Ventura also reminded the court of physical assaults, citing the now widely shared video of Diddy attacking her.
“Over the nearly eleven years we were together, Sean Combs would hit me, punch me, stomp on my face, pull my hair, and throw my body to the ground and against the wall,” she wrote. “The entire courtroom watched actual footage of Combs kicking and beating me as I tried to run away from a freak-off in 2016. People watched this footage dozens of times, seeing my body thrown to the ground, my hands over my head, curled into a fetal position to shield me from the worst blows.”
In her statement, Ventura rejected the defense’s portrayal of their relationship.
“While the defense attorneys at trial suggested that my time with Combs was akin to a ‘great modern love story,’ nothing could be further from the truth. Nothing about this story is great, modern, or loving—this was a horrific decade of my life stained by abuse, violence, forced sex, and degradation.”
Prosecutors have asked for an 11-year sentence, calling Diddy “unrepentant” and noting that similar crimes have drawn punishments of over a decade.

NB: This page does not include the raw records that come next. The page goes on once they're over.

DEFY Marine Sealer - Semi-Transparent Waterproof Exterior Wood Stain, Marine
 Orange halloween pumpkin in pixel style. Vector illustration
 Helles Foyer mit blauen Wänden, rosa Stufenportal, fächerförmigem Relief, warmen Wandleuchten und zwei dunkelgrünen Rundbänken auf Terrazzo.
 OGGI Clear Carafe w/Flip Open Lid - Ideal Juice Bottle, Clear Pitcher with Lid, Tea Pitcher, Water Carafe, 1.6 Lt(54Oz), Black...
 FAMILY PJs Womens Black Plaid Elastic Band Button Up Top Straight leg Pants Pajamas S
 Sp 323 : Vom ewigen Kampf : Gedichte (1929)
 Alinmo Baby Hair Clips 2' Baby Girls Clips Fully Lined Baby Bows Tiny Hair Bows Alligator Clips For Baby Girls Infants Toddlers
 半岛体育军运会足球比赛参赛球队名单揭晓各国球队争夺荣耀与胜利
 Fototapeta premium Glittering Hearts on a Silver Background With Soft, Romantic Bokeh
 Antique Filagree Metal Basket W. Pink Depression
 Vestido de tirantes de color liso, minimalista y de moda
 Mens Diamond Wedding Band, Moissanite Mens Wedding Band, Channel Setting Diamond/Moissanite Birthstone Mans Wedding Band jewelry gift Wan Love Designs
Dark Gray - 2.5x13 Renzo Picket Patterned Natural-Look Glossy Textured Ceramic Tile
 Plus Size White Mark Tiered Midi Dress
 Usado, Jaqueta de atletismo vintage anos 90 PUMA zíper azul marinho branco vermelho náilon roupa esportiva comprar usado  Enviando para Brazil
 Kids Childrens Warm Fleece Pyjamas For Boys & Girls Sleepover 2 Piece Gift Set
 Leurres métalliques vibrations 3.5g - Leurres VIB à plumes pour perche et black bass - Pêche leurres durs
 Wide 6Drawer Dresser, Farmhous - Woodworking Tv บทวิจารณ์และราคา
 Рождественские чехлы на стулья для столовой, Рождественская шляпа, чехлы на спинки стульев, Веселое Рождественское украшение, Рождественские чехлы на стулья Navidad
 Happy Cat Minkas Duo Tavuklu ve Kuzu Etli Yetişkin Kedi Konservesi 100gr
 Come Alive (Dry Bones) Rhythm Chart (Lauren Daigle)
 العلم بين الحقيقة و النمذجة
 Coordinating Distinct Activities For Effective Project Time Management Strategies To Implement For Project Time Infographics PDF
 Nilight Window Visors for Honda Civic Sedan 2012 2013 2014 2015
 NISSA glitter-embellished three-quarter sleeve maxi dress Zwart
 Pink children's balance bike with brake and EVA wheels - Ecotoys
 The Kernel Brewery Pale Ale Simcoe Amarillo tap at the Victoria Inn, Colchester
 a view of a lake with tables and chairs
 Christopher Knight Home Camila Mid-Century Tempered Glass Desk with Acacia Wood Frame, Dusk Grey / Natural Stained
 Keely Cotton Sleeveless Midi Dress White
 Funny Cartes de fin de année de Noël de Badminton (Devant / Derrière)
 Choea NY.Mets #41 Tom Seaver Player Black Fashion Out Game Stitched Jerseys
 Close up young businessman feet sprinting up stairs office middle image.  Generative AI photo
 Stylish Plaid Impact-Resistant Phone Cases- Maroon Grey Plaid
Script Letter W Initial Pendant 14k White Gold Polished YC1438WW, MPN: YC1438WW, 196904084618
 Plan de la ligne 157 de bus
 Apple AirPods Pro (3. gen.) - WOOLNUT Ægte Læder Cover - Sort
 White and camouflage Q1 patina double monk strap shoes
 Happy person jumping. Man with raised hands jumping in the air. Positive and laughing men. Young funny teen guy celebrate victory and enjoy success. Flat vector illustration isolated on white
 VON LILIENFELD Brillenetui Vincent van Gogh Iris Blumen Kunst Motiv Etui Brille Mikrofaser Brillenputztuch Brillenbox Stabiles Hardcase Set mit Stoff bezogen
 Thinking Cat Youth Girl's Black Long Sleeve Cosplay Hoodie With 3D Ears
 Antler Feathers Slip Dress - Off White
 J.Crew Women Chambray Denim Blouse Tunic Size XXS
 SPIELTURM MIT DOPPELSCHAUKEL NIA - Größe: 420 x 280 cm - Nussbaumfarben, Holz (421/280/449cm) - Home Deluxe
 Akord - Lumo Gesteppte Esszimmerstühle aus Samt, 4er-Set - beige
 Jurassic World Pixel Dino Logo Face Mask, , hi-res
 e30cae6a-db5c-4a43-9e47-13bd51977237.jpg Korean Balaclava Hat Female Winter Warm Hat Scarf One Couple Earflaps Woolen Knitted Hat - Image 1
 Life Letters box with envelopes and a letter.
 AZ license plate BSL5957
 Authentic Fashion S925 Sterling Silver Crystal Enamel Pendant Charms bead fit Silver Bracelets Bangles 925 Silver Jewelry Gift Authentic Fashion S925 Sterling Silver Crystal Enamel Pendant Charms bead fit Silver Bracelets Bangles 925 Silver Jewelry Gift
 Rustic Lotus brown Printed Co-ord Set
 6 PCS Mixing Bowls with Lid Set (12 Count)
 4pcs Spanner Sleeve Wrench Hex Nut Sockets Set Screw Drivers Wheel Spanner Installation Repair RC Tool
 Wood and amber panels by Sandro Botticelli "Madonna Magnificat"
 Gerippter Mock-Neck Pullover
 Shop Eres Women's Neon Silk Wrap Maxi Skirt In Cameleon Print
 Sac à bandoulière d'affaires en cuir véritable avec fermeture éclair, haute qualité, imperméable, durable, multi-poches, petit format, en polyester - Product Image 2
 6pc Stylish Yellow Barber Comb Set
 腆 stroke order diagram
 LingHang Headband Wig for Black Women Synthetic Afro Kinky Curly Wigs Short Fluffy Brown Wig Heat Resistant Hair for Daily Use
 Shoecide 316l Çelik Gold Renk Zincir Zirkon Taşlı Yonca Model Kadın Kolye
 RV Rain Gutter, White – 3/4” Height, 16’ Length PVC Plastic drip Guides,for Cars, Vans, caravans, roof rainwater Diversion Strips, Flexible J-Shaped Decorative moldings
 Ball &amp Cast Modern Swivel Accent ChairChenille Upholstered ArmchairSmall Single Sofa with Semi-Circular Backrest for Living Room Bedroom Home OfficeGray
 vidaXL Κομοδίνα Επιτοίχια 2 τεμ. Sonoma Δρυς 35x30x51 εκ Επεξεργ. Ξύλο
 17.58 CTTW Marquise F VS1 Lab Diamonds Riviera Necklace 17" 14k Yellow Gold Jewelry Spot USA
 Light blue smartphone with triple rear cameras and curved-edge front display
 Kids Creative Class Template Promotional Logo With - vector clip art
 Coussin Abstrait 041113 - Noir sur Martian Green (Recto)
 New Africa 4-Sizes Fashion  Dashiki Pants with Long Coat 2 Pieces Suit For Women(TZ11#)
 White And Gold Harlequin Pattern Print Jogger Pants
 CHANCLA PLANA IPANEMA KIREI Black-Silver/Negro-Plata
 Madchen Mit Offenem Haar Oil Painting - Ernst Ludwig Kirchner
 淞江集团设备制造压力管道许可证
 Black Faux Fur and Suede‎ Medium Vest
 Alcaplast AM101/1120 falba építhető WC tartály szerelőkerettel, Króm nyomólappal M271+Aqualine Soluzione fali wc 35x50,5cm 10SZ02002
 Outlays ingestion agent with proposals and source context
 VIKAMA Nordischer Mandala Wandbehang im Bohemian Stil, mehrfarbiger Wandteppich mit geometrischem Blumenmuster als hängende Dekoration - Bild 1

However, the defense is seeking a far lighter outcome of 14 months, which, with time already served, could allow an immediate release. His lawyers admitted that Diddy abused Ventura and other women but denied coercion into sexual acts. They have pointed to what they describe as his efforts to change while incarcerated, including teaching a class called “Free Game with Diddy.”
Ventura, however, told the court she does not believe he has changed.
“As much progress as I have made in recovering from his abuse, I remain very much afraid of what he is capable of and the malice he undoubtedly harbors towards me for having the bravery to tell the truth,” she said. “He is not being truthful. I know that who he was to me—the manipulator, the aggressor, the abuser, the trafficker—is who he is as a human. He has no interest in changing or becoming better. He will always be the same cruel, power-hungry, manipulative man that he is.”
Diddy will learn his fate on Friday, October 3.